Records for this task: Begin
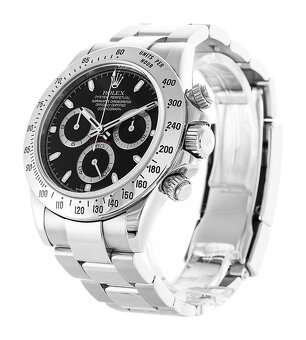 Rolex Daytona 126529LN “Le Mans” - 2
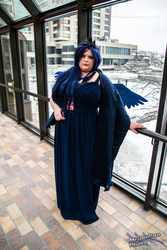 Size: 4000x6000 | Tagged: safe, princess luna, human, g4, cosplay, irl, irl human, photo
Records for this task: End
Records for this task: Begin
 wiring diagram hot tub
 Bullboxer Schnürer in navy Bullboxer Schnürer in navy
Records for this task: End
▸ **Task details**
Retype exactly the span of lines from the one with "wiring diagram hot tub" through the one with "Bullboxer Schnürer in navy Bullboxer"; include both ends and omit the rest of the material.

▸ **Output below**
 wiring diagram hot tub
 Bullboxer Schnürer in navy Bullboxer Schnürer in navy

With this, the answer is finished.